Start of DATASET RECORDS

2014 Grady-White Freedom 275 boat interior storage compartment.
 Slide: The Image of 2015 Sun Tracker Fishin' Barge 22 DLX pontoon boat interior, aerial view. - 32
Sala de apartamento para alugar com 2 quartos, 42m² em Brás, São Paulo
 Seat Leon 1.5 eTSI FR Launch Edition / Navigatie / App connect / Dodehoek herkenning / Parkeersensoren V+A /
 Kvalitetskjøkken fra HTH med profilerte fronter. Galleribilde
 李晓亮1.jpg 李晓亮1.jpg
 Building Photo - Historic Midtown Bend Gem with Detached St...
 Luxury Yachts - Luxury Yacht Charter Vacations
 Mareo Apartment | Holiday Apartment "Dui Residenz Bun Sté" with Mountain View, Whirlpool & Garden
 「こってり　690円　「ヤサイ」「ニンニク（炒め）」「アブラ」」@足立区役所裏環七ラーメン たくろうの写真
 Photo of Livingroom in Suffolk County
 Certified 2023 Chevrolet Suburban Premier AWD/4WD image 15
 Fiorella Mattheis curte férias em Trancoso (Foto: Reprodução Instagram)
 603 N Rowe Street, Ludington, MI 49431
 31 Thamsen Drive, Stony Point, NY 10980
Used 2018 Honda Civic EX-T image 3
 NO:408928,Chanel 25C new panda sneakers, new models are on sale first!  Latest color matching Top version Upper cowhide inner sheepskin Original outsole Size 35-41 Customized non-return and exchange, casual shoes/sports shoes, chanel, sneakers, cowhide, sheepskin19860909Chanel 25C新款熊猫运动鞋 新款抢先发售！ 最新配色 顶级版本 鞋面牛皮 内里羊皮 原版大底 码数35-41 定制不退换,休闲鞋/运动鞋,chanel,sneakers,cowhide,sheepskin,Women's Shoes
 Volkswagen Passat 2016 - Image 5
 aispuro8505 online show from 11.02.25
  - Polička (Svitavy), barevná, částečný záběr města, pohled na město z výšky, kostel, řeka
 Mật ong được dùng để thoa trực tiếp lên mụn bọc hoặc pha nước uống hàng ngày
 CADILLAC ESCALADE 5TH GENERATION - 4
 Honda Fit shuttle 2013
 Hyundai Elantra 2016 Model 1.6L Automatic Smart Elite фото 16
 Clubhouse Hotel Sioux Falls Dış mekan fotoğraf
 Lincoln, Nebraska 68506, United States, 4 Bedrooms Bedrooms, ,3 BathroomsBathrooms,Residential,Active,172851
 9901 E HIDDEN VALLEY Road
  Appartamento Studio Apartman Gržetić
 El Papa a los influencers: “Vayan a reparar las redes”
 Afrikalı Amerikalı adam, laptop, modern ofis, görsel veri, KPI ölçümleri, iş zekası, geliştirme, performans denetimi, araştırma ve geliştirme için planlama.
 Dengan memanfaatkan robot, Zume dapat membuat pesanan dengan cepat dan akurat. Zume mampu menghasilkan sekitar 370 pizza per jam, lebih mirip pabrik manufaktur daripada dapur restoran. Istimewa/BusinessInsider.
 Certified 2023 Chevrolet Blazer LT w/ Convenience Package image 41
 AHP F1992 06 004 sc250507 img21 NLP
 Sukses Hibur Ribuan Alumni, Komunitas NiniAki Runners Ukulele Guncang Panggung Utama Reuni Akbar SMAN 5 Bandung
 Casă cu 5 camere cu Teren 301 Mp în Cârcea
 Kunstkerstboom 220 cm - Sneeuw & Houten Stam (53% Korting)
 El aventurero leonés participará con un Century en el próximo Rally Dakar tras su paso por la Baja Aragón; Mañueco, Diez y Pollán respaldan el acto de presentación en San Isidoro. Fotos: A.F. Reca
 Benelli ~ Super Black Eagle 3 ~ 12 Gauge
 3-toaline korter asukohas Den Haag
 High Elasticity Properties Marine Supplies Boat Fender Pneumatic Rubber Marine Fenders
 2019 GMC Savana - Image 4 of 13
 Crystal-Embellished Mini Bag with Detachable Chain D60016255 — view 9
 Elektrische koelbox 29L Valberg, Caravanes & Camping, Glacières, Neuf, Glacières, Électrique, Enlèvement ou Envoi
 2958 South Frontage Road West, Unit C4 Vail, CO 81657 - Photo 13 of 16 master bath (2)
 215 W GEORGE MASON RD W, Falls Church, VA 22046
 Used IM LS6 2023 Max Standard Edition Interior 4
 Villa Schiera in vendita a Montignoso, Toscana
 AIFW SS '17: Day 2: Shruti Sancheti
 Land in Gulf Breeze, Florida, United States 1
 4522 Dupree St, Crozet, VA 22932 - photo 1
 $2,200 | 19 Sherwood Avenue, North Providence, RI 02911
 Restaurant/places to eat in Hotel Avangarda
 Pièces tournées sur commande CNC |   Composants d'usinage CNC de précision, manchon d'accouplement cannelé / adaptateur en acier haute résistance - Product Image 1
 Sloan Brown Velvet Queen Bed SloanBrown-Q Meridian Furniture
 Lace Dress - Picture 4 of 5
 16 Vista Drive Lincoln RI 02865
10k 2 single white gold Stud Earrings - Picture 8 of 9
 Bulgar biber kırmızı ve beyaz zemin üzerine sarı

End of DATASET RECORDS

» **TASK BRIEF**:
The line containing "Mareo Apartment |" marks the end: copy exactly every line from the top of the data above down to it, that line included.

» **WRITTEN RESPONSE**:
2014 Grady-White Freedom 275 boat interior storage compartment.
 Slide: The Image of 2015 Sun Tracker Fishin' Barge 22 DLX pontoon boat interior, aerial view. - 32
Sala de apartamento para alugar com 2 quartos, 42m² em Brás, São Paulo
 Seat Leon 1.5 eTSI FR Launch Edition / Navigatie / App connect / Dodehoek herkenning / Parkeersensoren V+A /
 Kvalitetskjøkken fra HTH med profilerte fronter. Galleribilde
 李晓亮1.jpg 李晓亮1.jpg
 Building Photo - Historic Midtown Bend Gem with Detached St...
 Luxury Yachts - Luxury Yacht Charter Vacations
 Mareo Apartment | Holiday Apartment "Dui Residenz Bun Sté" with Mountain View, Whirlpool & Garden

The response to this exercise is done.